> **HOW TO COMPLETE THIS TASK**
Copy the records below exactly, starting at the line that contains "new stomach built" and ending at the line that contains "Printing of cardiogram"; leave out any pictures.

(Short text fragments from websites)
◇ ◇ ◇ ◇
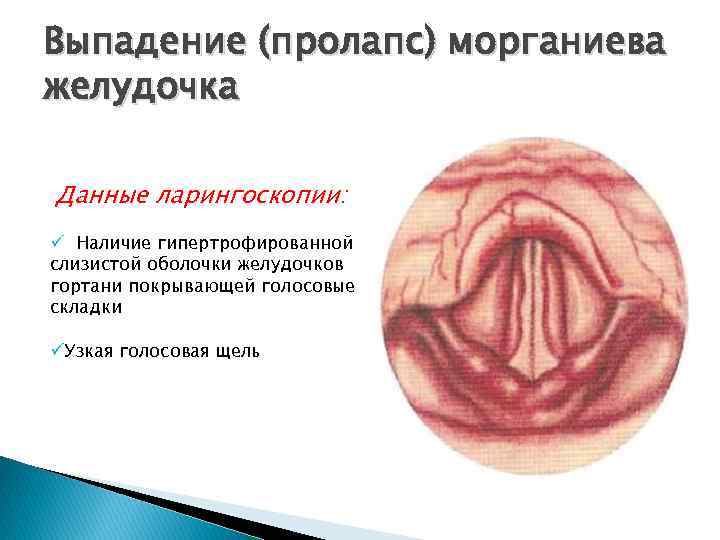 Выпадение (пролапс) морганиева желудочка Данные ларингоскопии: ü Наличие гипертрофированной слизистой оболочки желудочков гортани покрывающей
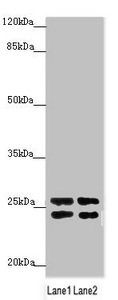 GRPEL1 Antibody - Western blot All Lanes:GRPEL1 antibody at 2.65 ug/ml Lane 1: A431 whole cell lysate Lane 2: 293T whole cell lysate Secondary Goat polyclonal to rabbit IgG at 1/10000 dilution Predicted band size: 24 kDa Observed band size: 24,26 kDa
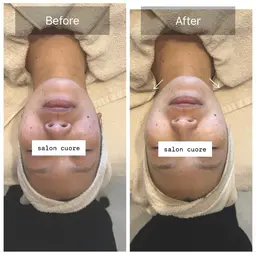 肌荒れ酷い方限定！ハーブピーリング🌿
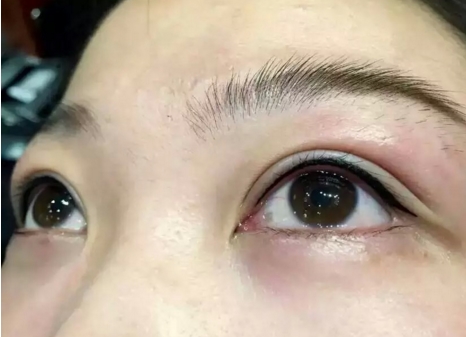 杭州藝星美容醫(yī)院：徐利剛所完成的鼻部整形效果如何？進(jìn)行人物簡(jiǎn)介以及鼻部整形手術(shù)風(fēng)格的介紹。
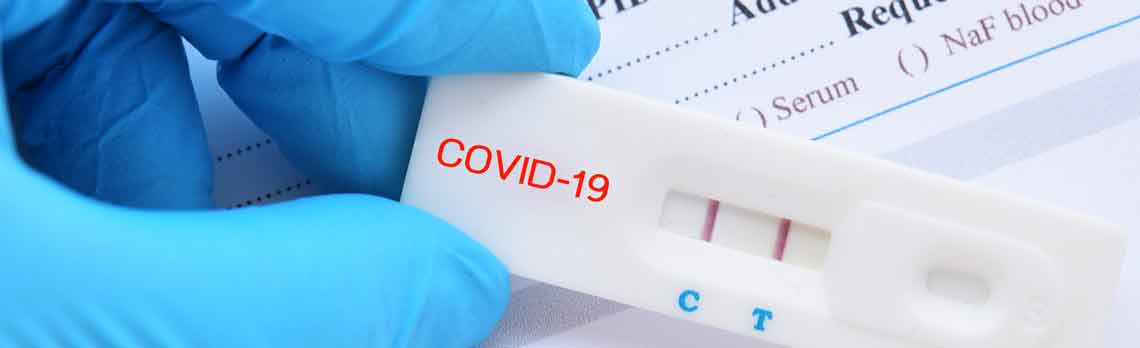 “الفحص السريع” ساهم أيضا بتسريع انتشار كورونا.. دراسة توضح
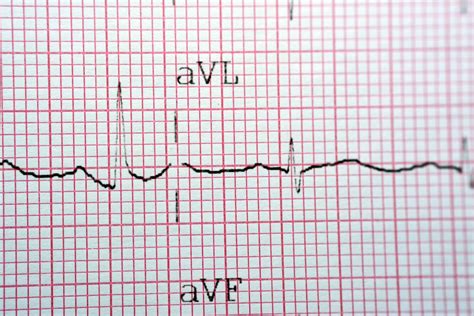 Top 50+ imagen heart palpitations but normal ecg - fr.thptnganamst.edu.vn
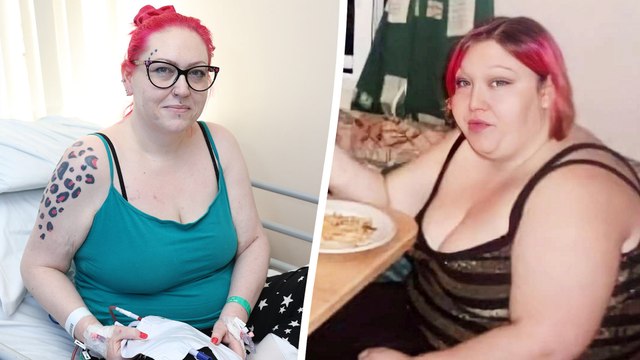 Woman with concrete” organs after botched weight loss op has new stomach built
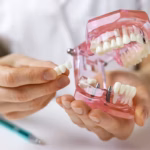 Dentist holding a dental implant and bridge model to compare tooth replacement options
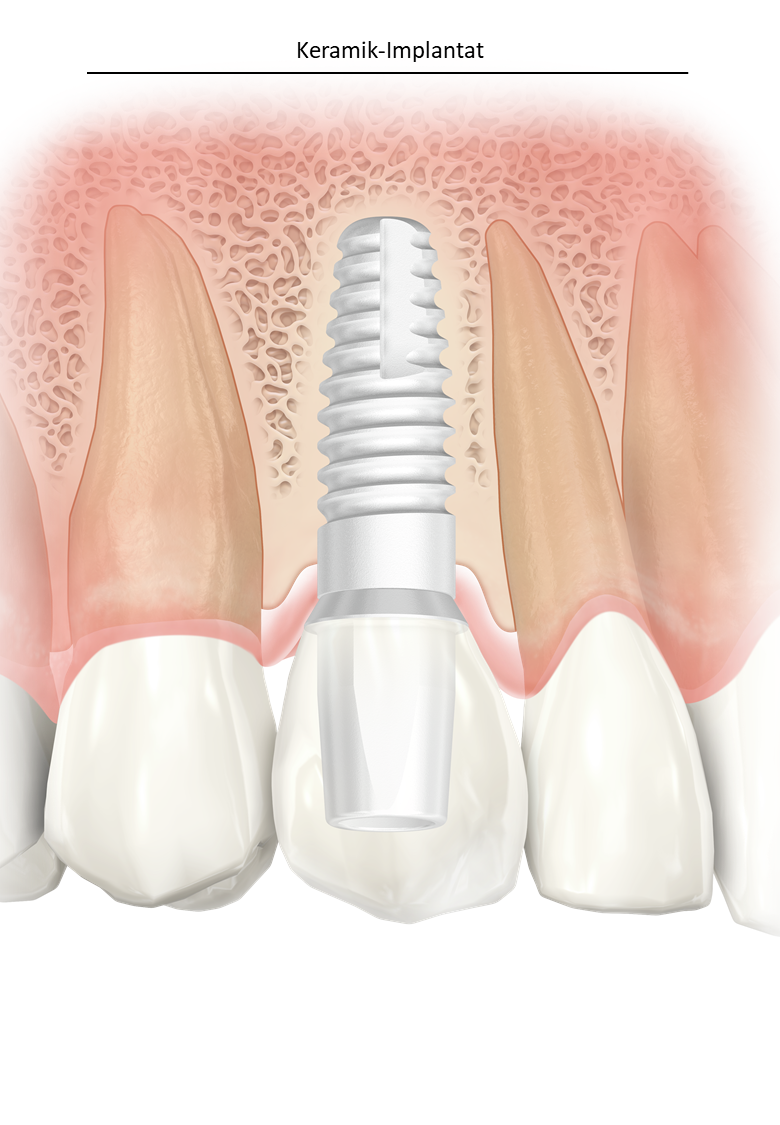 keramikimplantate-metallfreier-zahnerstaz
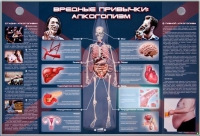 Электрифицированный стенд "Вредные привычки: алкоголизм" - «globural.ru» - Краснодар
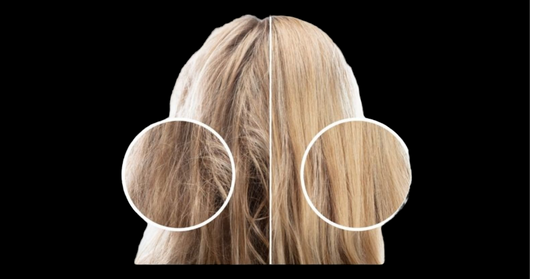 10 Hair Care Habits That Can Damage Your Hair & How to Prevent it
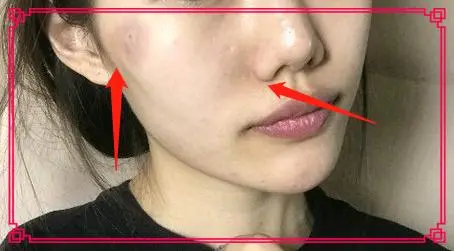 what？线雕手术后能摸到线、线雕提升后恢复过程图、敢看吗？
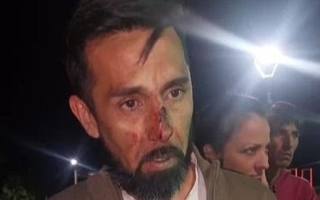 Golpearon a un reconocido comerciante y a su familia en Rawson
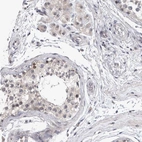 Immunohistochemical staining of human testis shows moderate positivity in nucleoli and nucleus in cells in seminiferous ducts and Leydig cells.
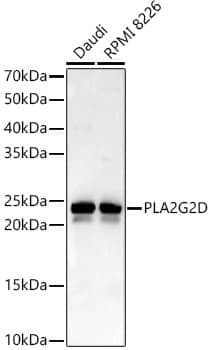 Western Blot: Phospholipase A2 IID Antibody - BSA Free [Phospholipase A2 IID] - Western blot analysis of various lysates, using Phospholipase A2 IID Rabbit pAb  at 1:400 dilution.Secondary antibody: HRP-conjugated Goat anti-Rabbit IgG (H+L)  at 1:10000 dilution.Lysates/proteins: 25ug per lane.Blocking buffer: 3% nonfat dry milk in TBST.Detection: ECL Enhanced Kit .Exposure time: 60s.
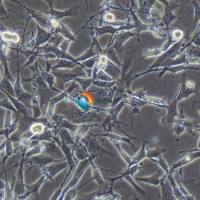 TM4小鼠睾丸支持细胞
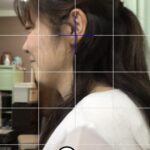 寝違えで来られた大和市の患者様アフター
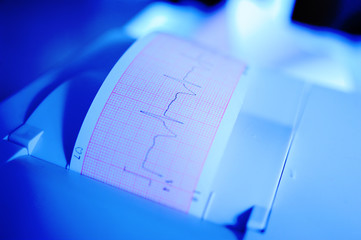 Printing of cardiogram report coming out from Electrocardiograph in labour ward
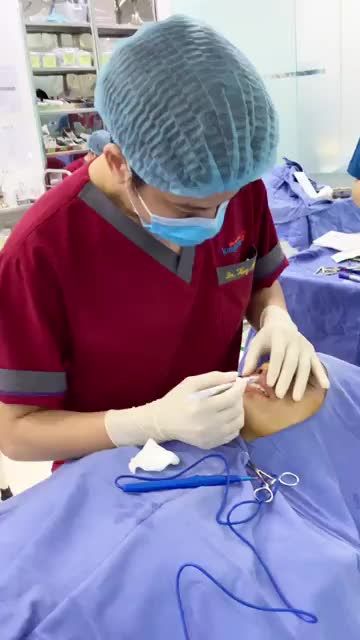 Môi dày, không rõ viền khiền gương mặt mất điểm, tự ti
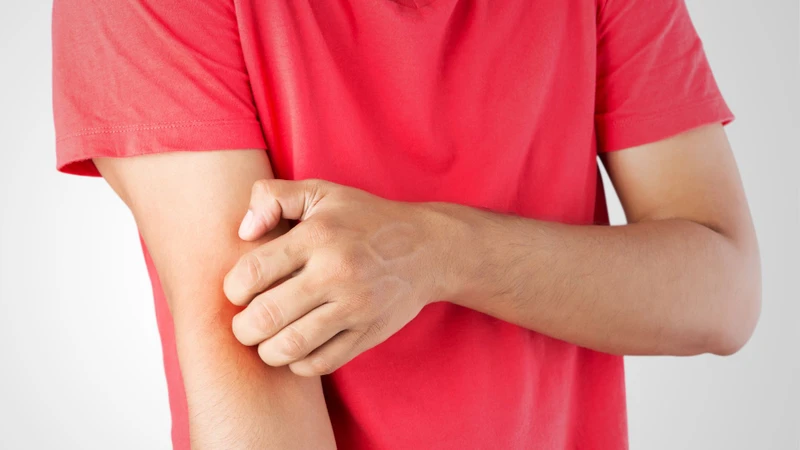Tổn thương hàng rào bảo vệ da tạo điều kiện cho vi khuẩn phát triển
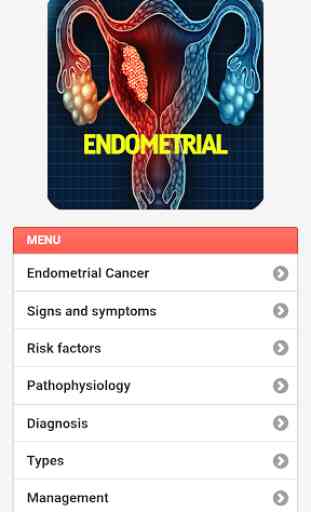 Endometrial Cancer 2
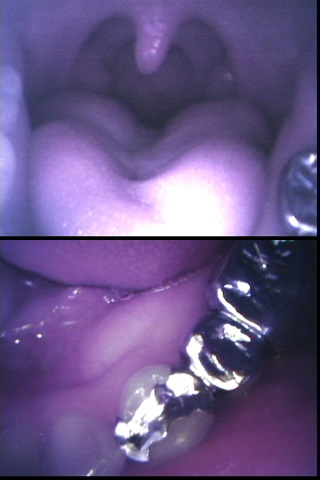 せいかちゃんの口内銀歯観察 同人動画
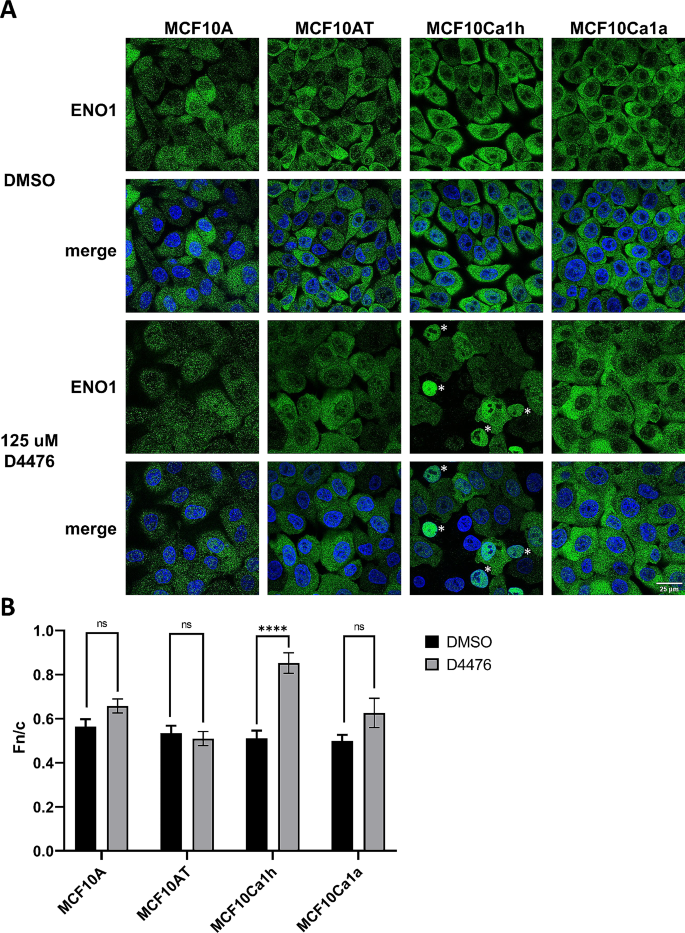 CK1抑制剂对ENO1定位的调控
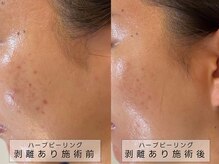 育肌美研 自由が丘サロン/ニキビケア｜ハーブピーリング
◇ ◇ ◇ ◇
> **ANSWER BOX**
 Woman with concrete” organs after botched weight loss op has new stomach built
 Dentist holding a dental implant and bridge model to compare tooth replacement options
 keramikimplantate-metallfreier-zahnerstaz
 Электрифицированный стенд "Вредные привычки: алкоголизм" - «globural.ru» - Краснодар
 10 Hair Care Habits That Can Damage Your Hair & How to Prevent it
 what？线雕手术后能摸到线、线雕提升后恢复过程图、敢看吗？
 Golpearon a un reconocido comerciante y a su familia en Rawson
 Immunohistochemical staining of human testis shows moderate positivity in nucleoli and nucleus in cells in seminiferous ducts and Leydig cells.
 Western Blot: Phospholipase A2 IID Antibody - BSA Free [Phospholipase A2 IID] - Western blot analysis of various lysates, using Phospholipase A2 IID Rabbit pAb  at 1:400 dilution.Secondary antibody: HRP-conjugated Goat anti-Rabbit IgG (H+L)  at 1:10000 dilution.Lysates/proteins: 25ug per lane.Blocking buffer: 3% nonfat dry milk in TBST.Detection: ECL Enhanced Kit .Exposure time: 60s.
 TM4小鼠睾丸支持细胞
 寝違えで来られた大和市の患者様アフター
 Printing of cardiogram report coming out from Electrocardiograph in labour ward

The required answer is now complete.